### Aim of the task
Having located the line with "Star White Metallic", repeat it and all remaining lines of the records exactly. Pictures do not belong in the answer.

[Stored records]
*****

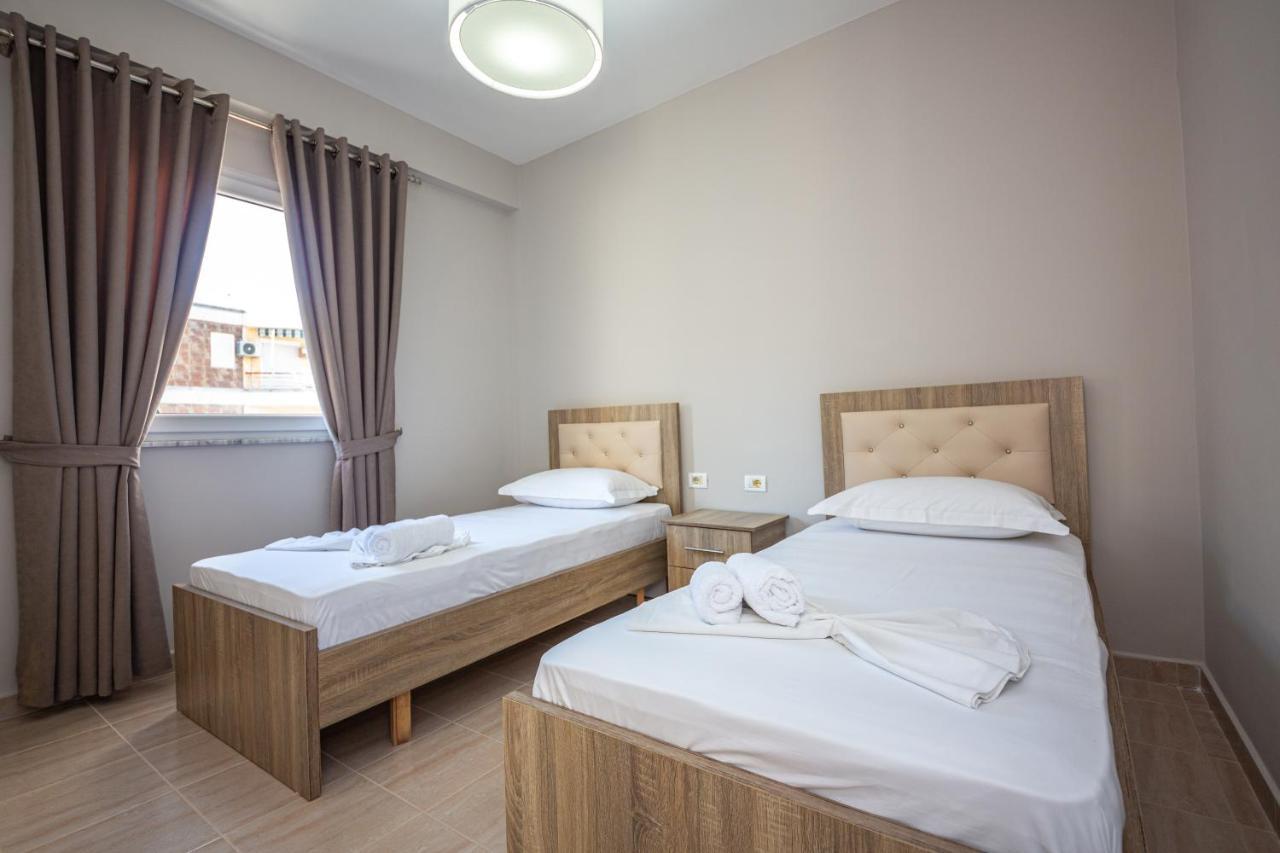 Ponari S Hotel Kryemëdhej Екстериор снимка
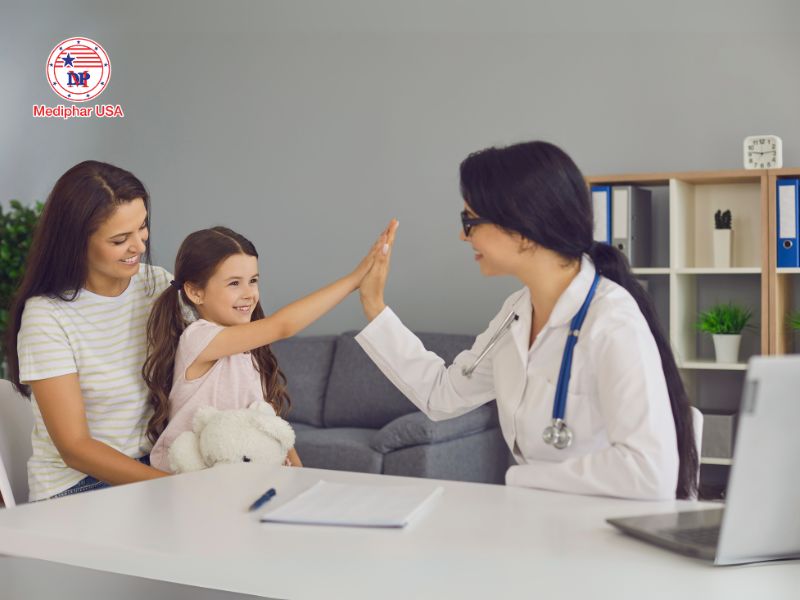 Khi nào cần dùng men tiêu hóa cho trẻ 1 tuổi? Hướng dẫn chọn và sử dụng đúng cách Sử dụng men tiêu hoá cho trẻ 1 tuổi cần có sự theo dõi của bác sĩ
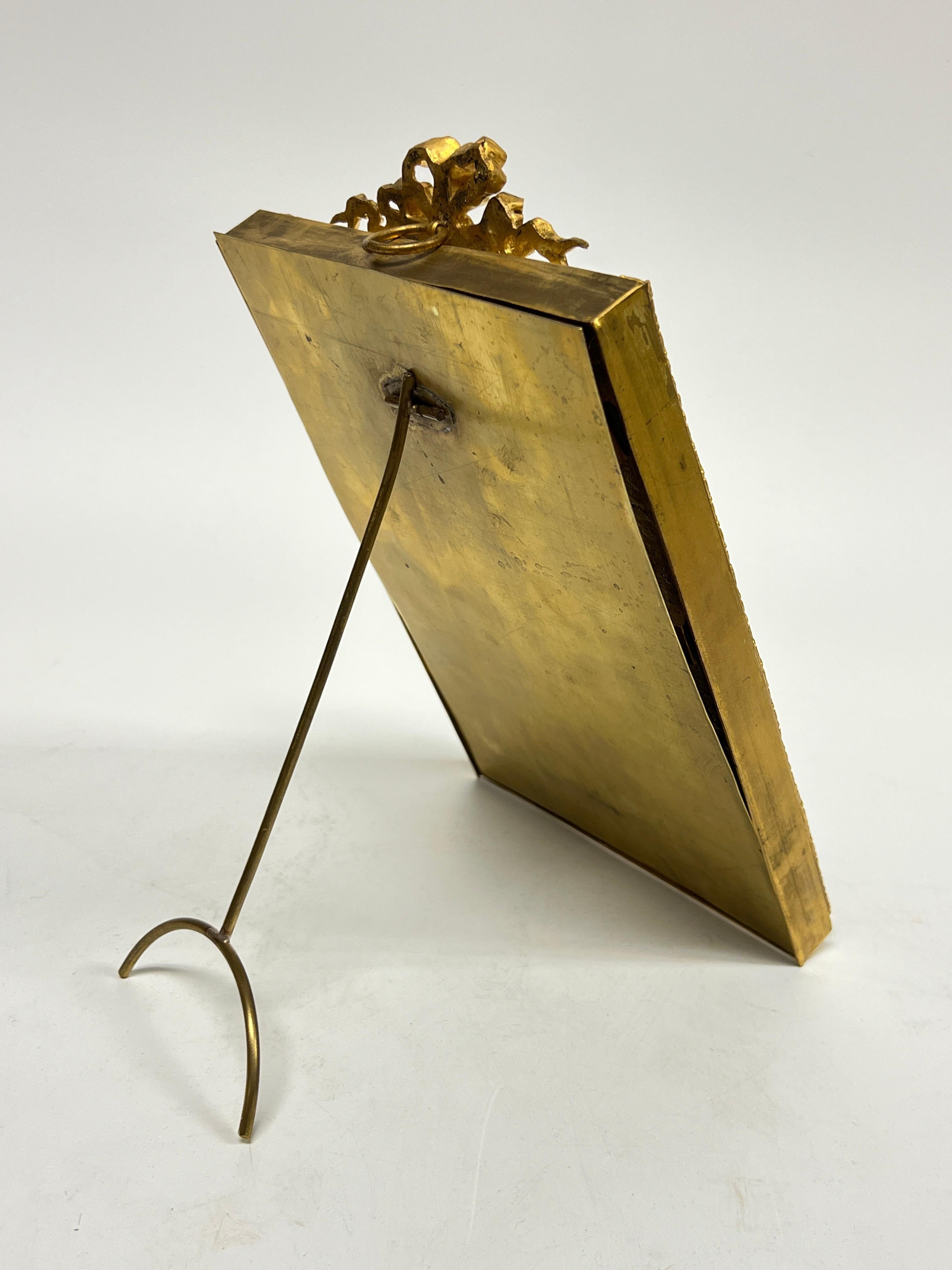 XIXe siècle Cadre ancien en bronze doré du 19ème siècle en vente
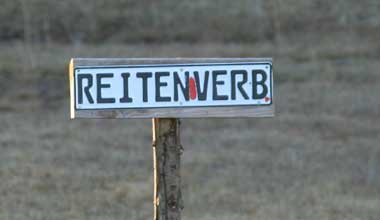 Alternatives Schild "Reiten Verboten" - Opfenbach 2007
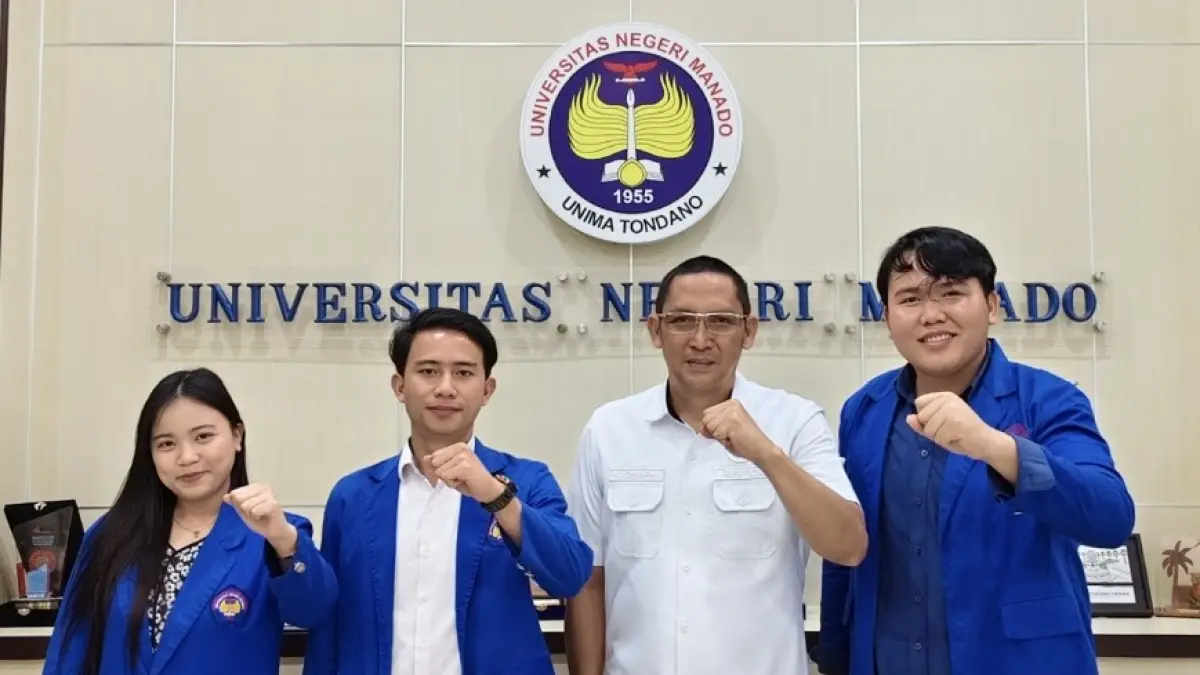 Tim BEM FMIPAK Universitas Negeri Manado saat bertemu Rektor Joseph Philip Kambey.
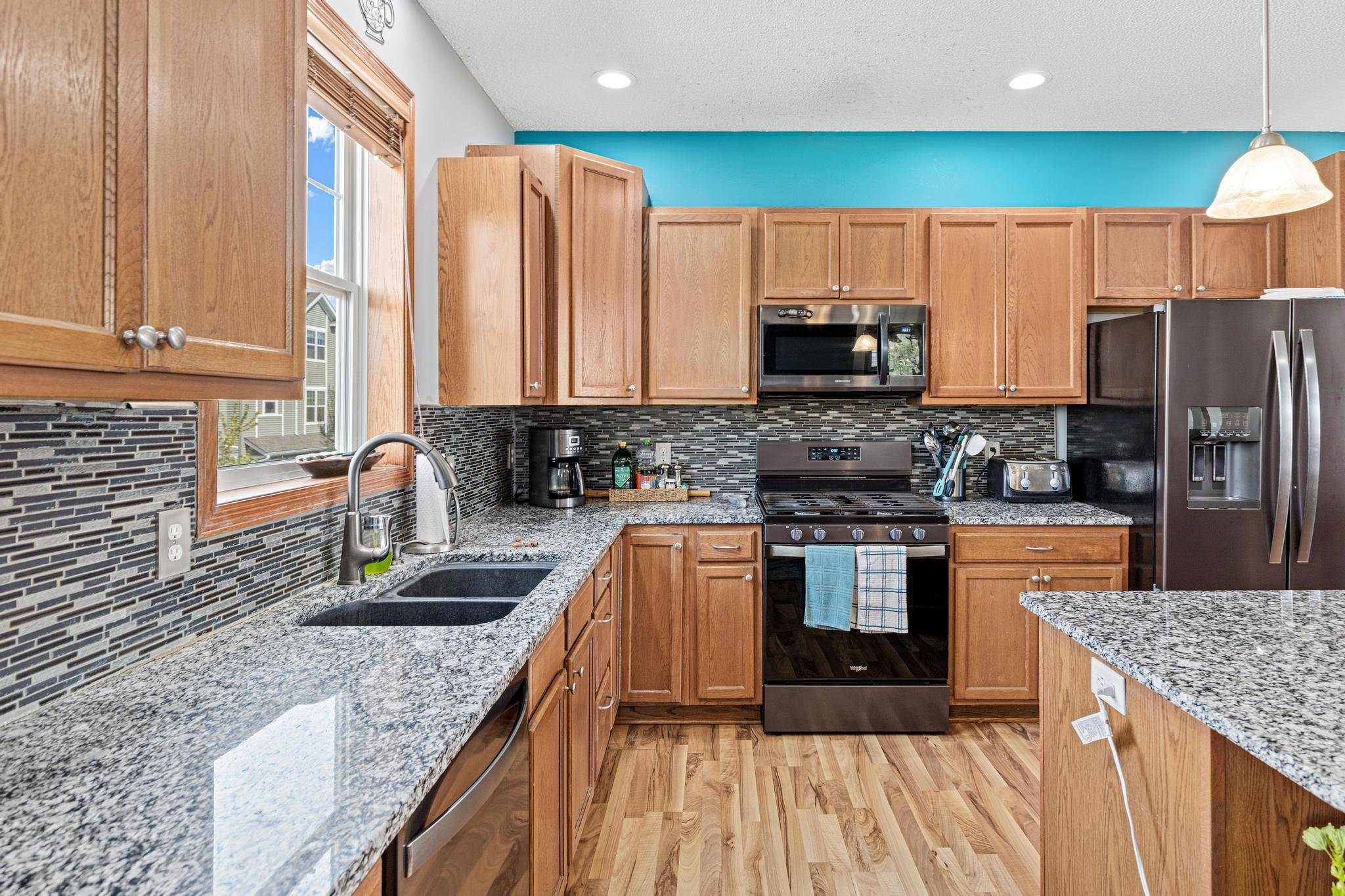 1802 Colonial LN #1, Chanhassen, MN 55317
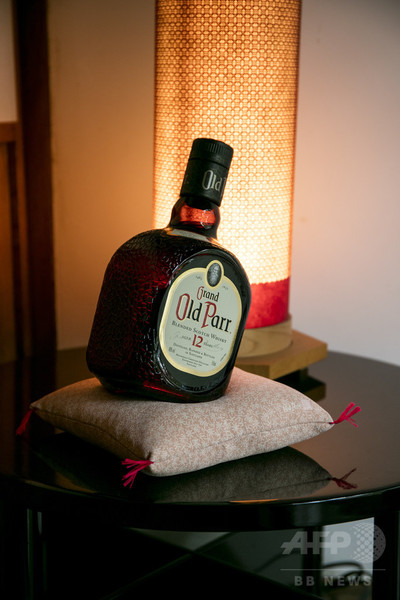 OLD PARRと江戸小紋がコラボ、日本の伝統工芸を現代に継承する若手に期待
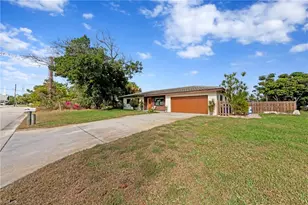 1013 Averly St, Fort Myers, FL 33919 - Photo 49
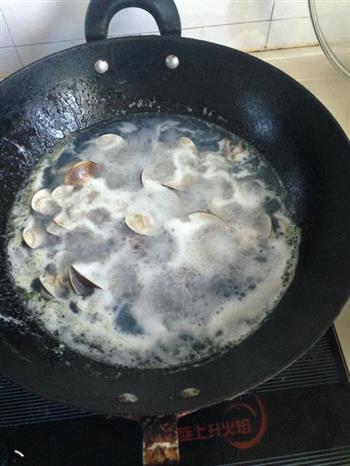 龙骨海蚌汤怎么做，龙骨海蚌汤怎么做好吃，龙骨海蚌汤做法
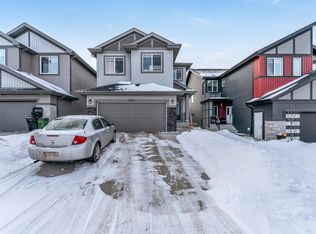 1216 15th St NW, Edmonton, AB T6T 2S7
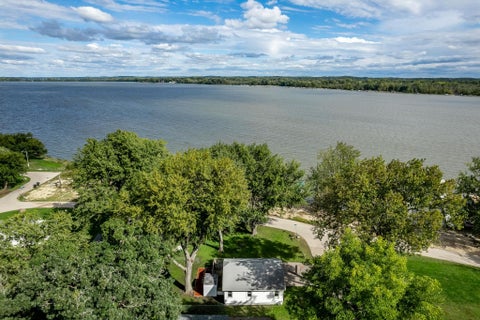 Photo of 1747 E Road 5, Edgerton, WI 53535 (MLS # 2033314)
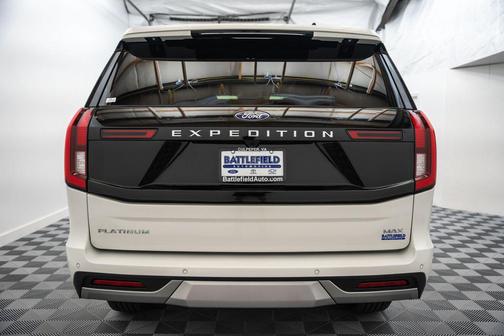 Star White Metallic Tri-Coat 2026 Ford Expedition Max Platinum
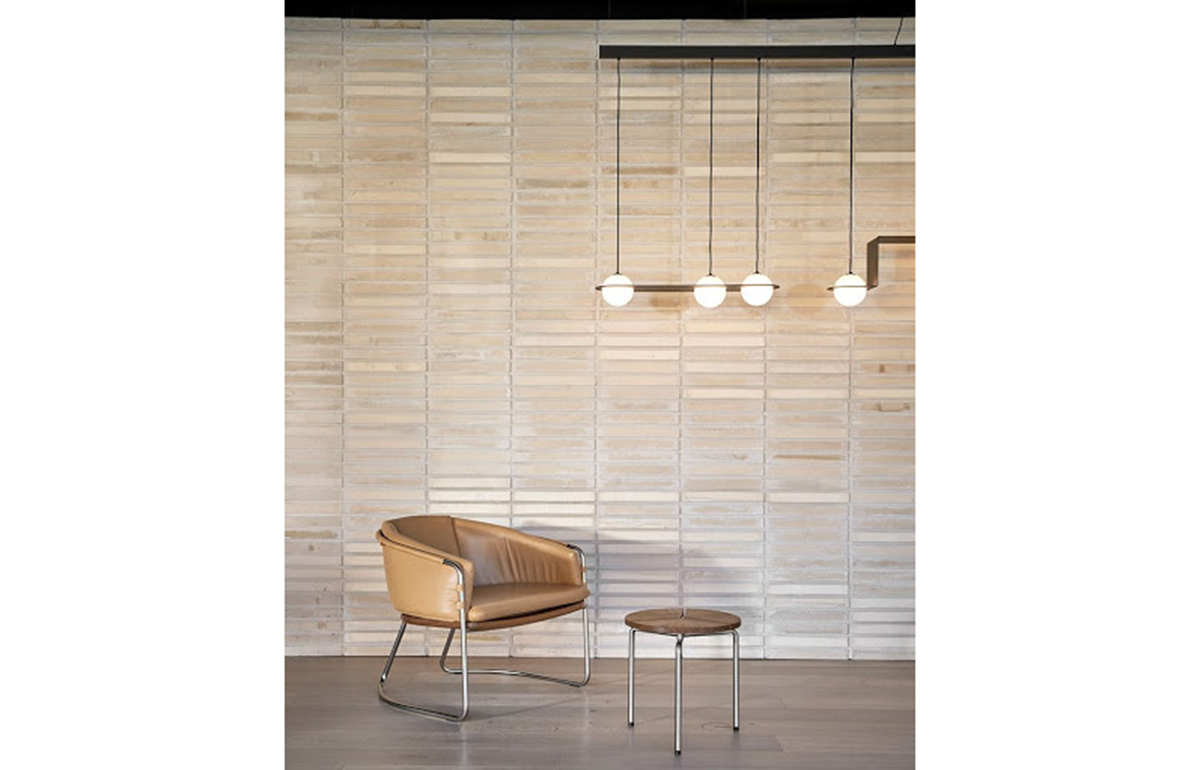 Fauteuil Géometric – Cuir camel, Noyer & Bronze – Image 6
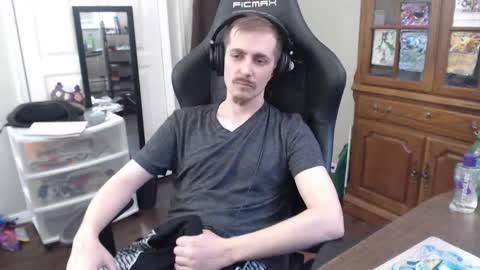 Snapshot of casuallycorrupt chatting on October 20, 2025, 8:31 pm casuallycorrupt online show from October 20, 2025, 8:31 pm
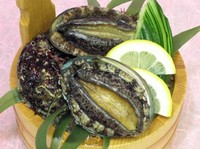 北海道産　蝦夷あわびを使用。
蝦夷あわびは、身がしまり、味が濃いのが特徴です。
大きさによって価格が変更になりますので係りの者にお尋ねください。
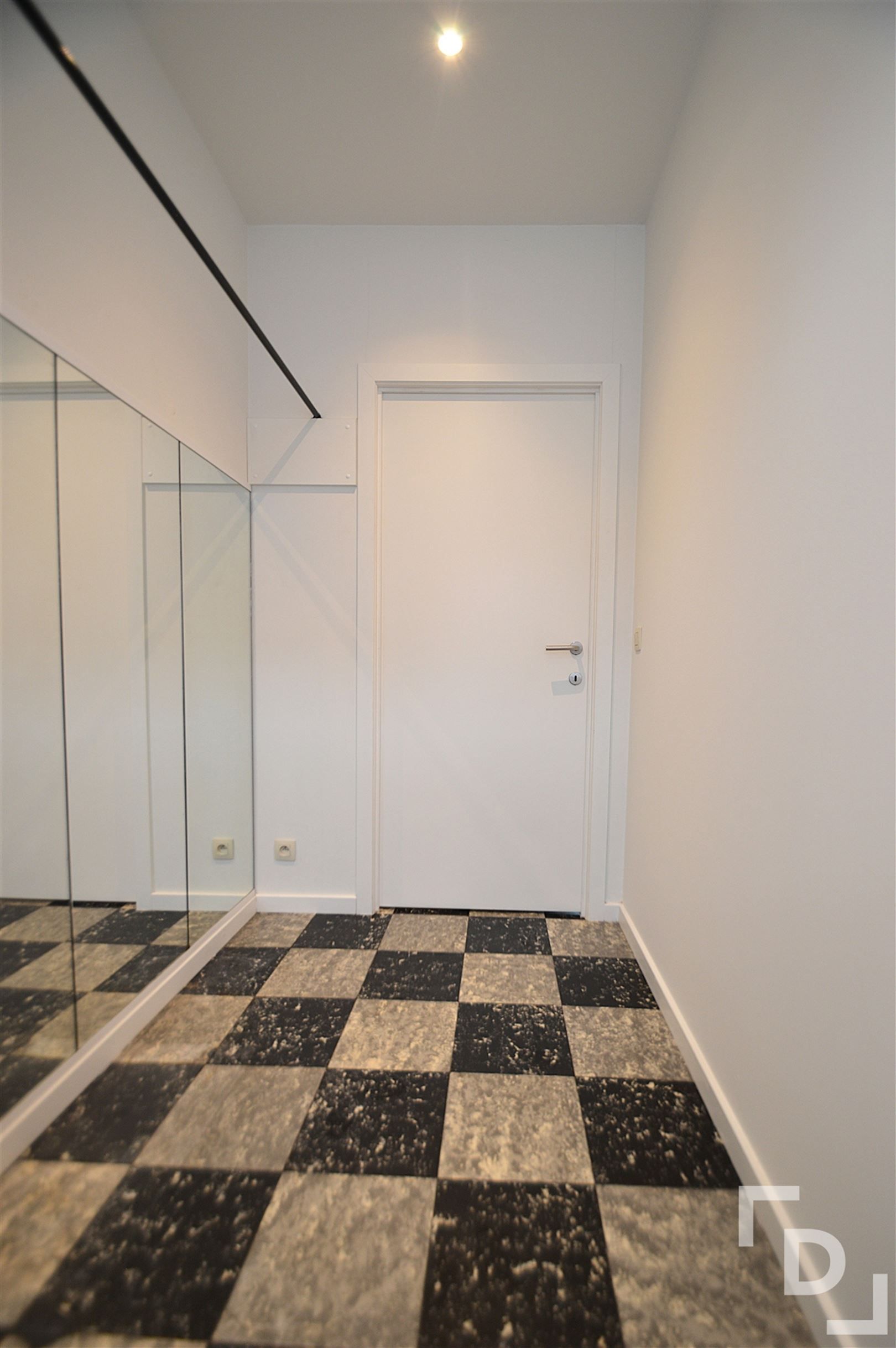 "Gerenoveerde stadswoning in het centrum van Poperinge" foto 26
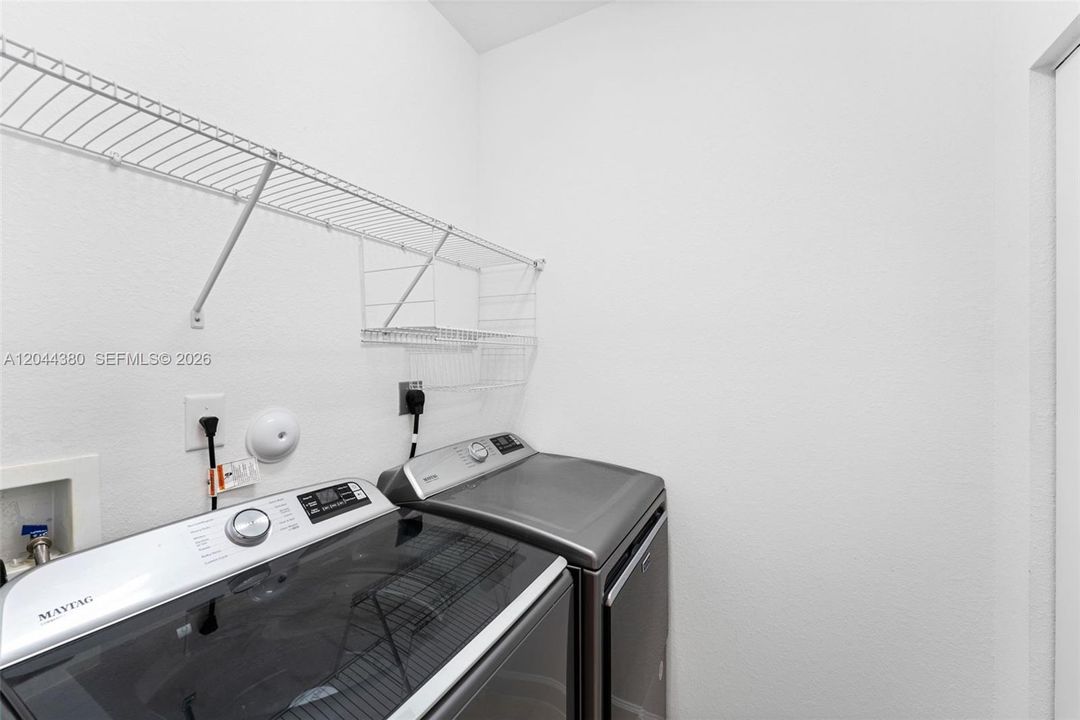 En Renta: $3,500 (3 camas, 2 baños, 1651 Pies cuadrados)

*****

### Completed task
 Star White Metallic Tri-Coat 2026 Ford Expedition Max Platinum
 Fauteuil Géometric – Cuir camel, Noyer & Bronze – Image 6
 Snapshot of casuallycorrupt chatting on October 20, 2025, 8:31 pm casuallycorrupt online show from October 20, 2025, 8:31 pm
 北海道産　蝦夷あわびを使用。
蝦夷あわびは、身がしまり、味が濃いのが特徴です。
大きさによって価格が変更になりますので係りの者にお尋ねください。
 "Gerenoveerde stadswoning in het centrum van Poperinge" foto 26
 En Renta: $3,500 (3 camas, 2 baños, 1651 Pies cuadrados)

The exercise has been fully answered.